For the MLP and 1DCNN classifiers, the VAE-WACGAN method improves all evaluation metrics. Compared to MLP, VAE-WACGAN-MLP increases Precision from 0.9879 to 0.9888, Recall from 0.9876 to 0.9885, F1 score from 0.9877 to 0.9886, G-means from 0.9848 to 0.9867, Accuracy from 0.9876 to 0.9885, and reduces FPR from 0.0179 to 0.015. Compared to 1DCNN, VAE-WACGAN-1DCNN increases Precision from 0.9666 to 0.9776, Recall from 0.9505 to 0.9746, F1-score from 0.9547 to 0.9754, G-means from 0.9542 to 0.9699, Accuracy from 0.9505 to 0.9746, and reduces FPR from 0.0415 to 0.0345.
For the RF classifier, VAE-WACGAN-RF improves Precision from 0.9986 to 0.9987, Recall from 0.9986 to 0.9987, F1 score from 0.9986 to 0.9987, G-means from 0.9978 to 0.9979, Accuracy from 0.9986 to 0.9987, and reduces FPR from 0.003 to 0.0029. These results indicate that the VAE-WACGAN method marginally improves the performance of the RF classifier, positively impacting key metrics.
For the SVM classifier, although VAE-WACGAN-SVM improves Precision and FPR, with Precision increasing from 0.9521 to 0.9589 and FPR decreasing from 0.0944 to 0.0695, Recall, F1-score, G-means, and Accuracy all decline, resulting in an overall performance drop.

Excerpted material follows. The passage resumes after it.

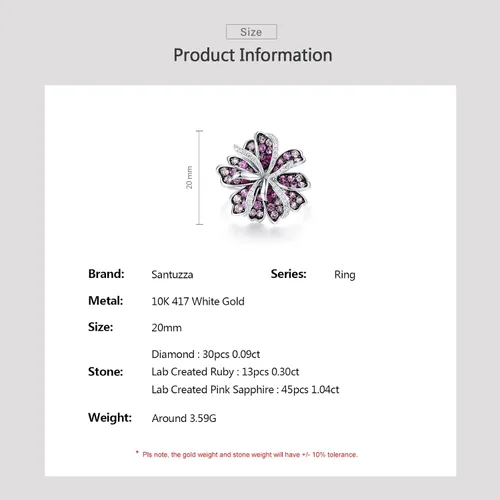 Vista 4 de Santuzza Anillo de oro macizo de 10 quilates con piedras preciosas para mujer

In summary, the VAE-WACGAN method demonstrates significant data augmentation effects across different classifiers, especially for the MLP and 1DCNN classifiers, further validating the superior data augmentation capability of the VAE-WACGAN method.
5.4.7. Comparison with Recent Advanced Methods
The multi-classifier validation experiment in
Section 5.4.6 indicated that the intrusion detection model achieved optimal performance with the RF classifier. Therefore, this experiment compares the VAE-WACGAN-RF model with recent advanced approaches to assess the feasibility of the proposed intrusion detection method, as shown in
Table 15 and
Table 16.
Based on
Table 15 and
Table 16, our method consistently outperforms the other three advanced intrusion detection approaches across all evaluation metrics on both the UNSW-NB15 and CIC-IDS2017 datasets. Notably, in terms of the F1-score—a critical metric that balances precision and recall—our method demonstrates substantial improvements. On the UNSW-NB15 dataset, our method exceeds FCWGAN-BiLSTM by 0.9%, CNN-BiLSTM by 6.79%, and MCNN-DFS by 5.74%. Similarly, on the CIC-IDS2017 dataset, our approach outperforms KD-TCNN by 0.41%, KNN-TACGAN by 4.06%, and GAN-RF by 4.83%. These results clearly demonstrate the effectiveness of our method in performing intrusion detection.